• _What you will do_
Only one stretch of the data below is wanted: the lines from the one with "Phillies TEACHER APPRECIATION" through the one with "T - shirt garçon imprimé devant anthracite T", repeated exactly.

• _Information provided_
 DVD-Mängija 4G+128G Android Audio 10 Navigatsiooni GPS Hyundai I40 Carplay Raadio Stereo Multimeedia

--

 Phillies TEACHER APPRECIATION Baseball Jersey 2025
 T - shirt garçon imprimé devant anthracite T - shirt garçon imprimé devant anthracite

---

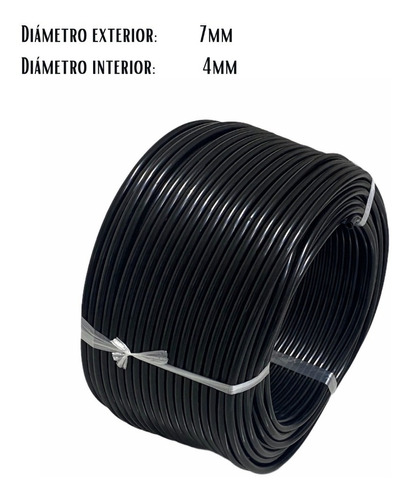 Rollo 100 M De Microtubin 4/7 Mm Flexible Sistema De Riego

• _Response to this task_
 Phillies TEACHER APPRECIATION Baseball Jersey 2025
 T - shirt garçon imprimé devant anthracite T - shirt garçon imprimé devant anthracite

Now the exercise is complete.